### What is being asked
Copy word for word the lines of the records below, beginning at the one with "vocaloid,yuki_miku,winter,student uniform,hooded coat" and finishing at the one with "Valentine Backdrop Ideas", ends included, but none of the pictures.

─── Exercise material ───

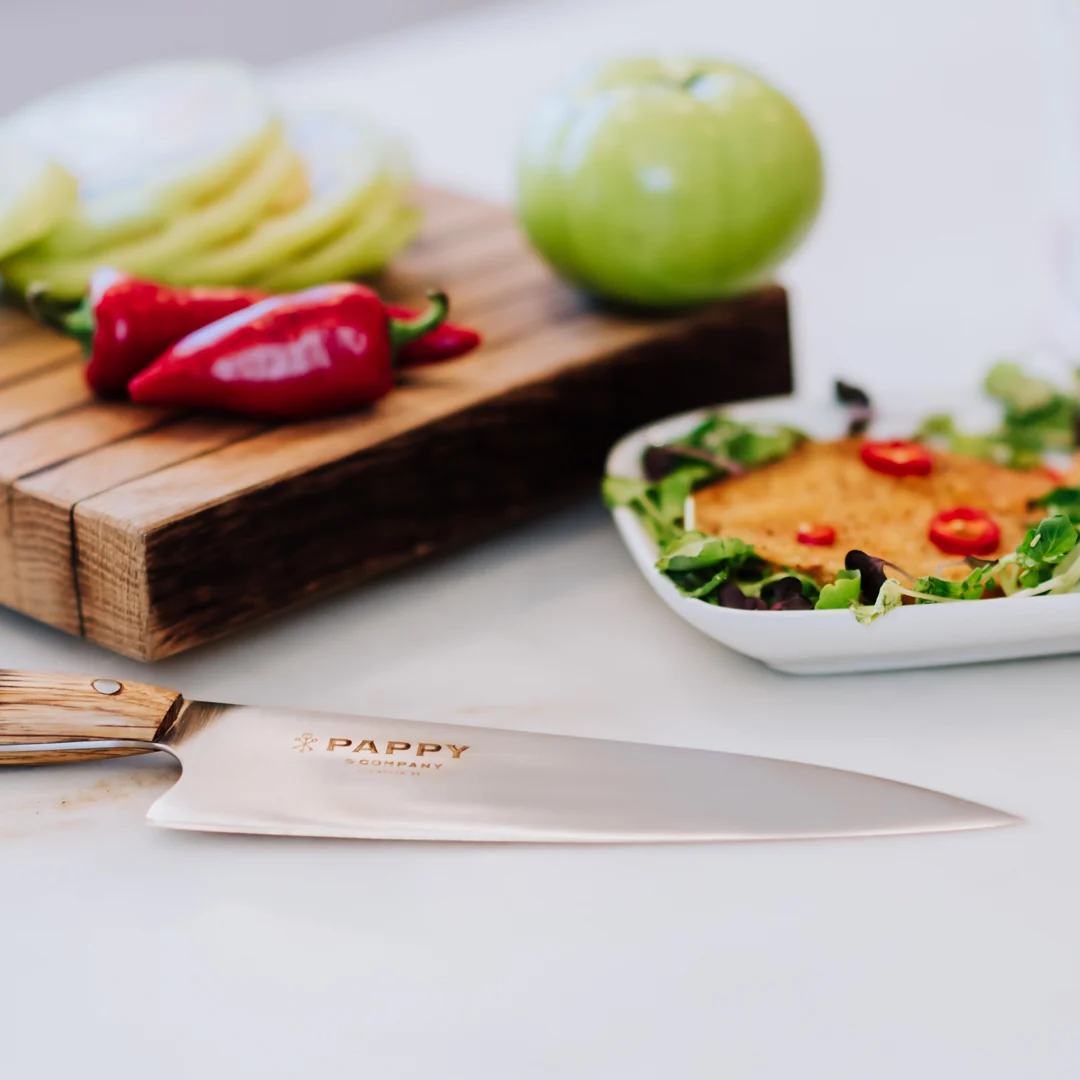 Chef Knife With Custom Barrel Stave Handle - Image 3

───
─── Exercise material ───

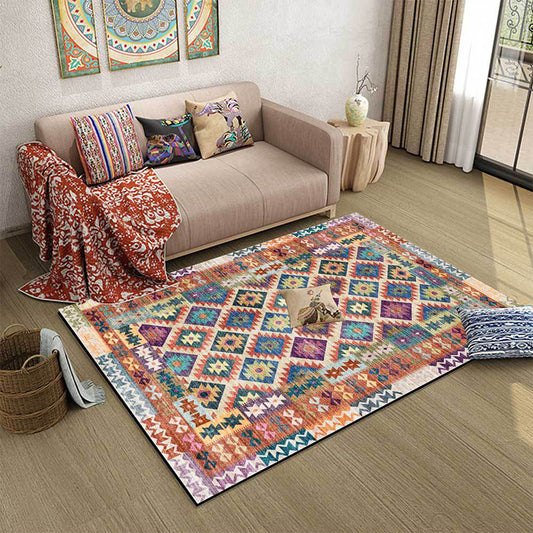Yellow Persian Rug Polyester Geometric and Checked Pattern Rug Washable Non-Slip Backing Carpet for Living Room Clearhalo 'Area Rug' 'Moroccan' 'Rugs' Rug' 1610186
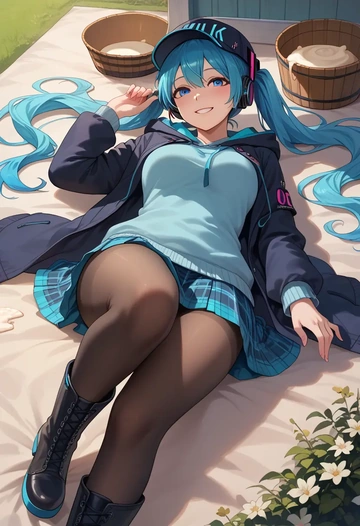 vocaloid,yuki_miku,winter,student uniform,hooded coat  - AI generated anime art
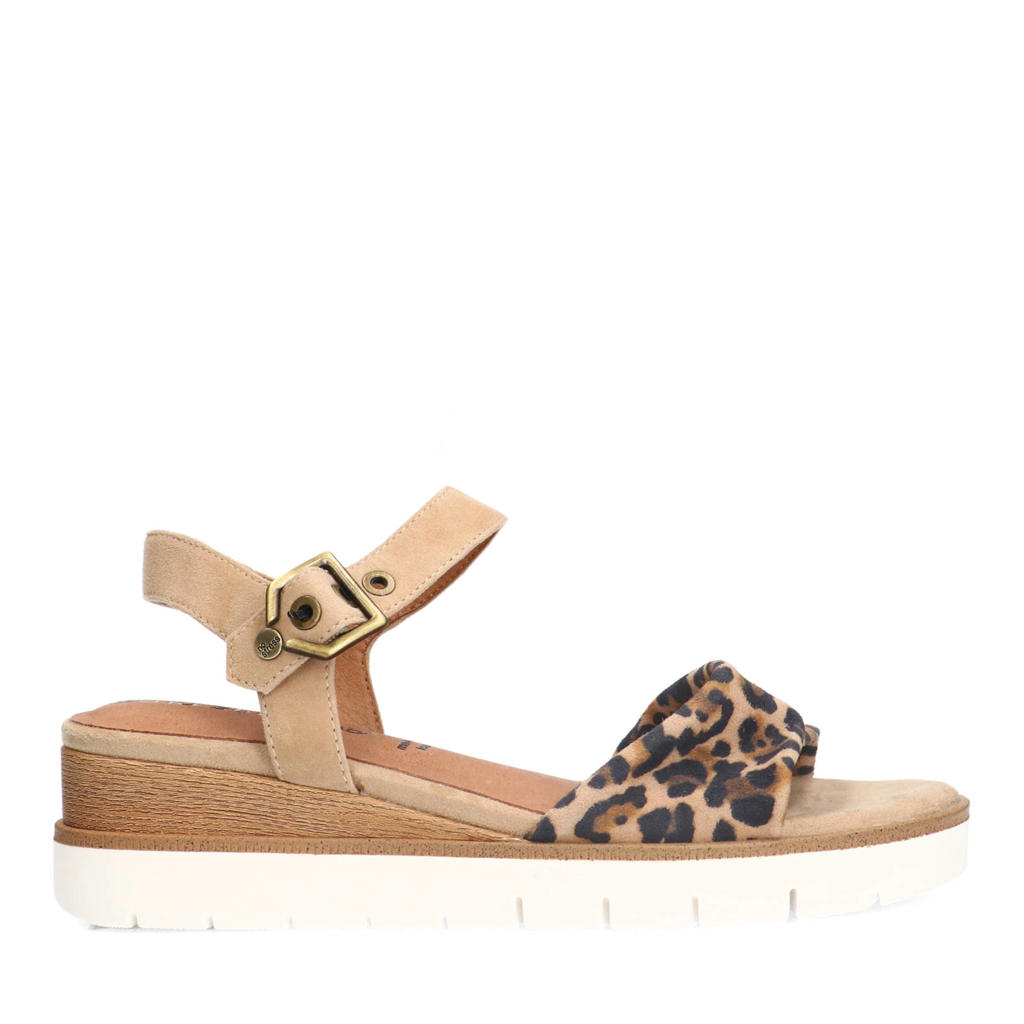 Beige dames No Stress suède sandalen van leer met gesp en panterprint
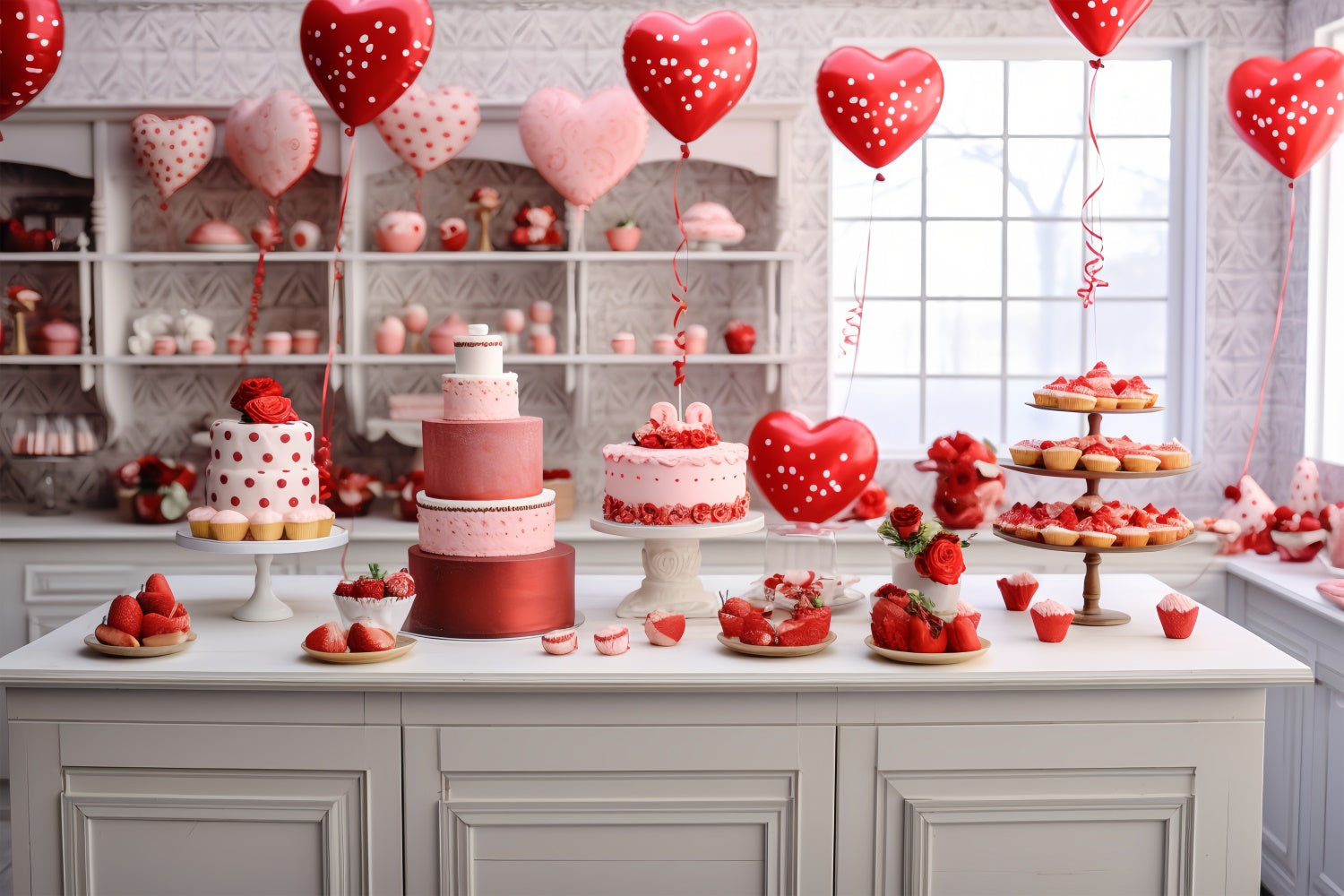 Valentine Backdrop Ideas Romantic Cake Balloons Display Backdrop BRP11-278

───

### Answer section
 vocaloid,yuki_miku,winter,student uniform,hooded coat  - AI generated anime art
 Beige dames No Stress suède sandalen van leer met gesp en panterprint
 Valentine Backdrop Ideas Romantic Cake Balloons Display Backdrop BRP11-278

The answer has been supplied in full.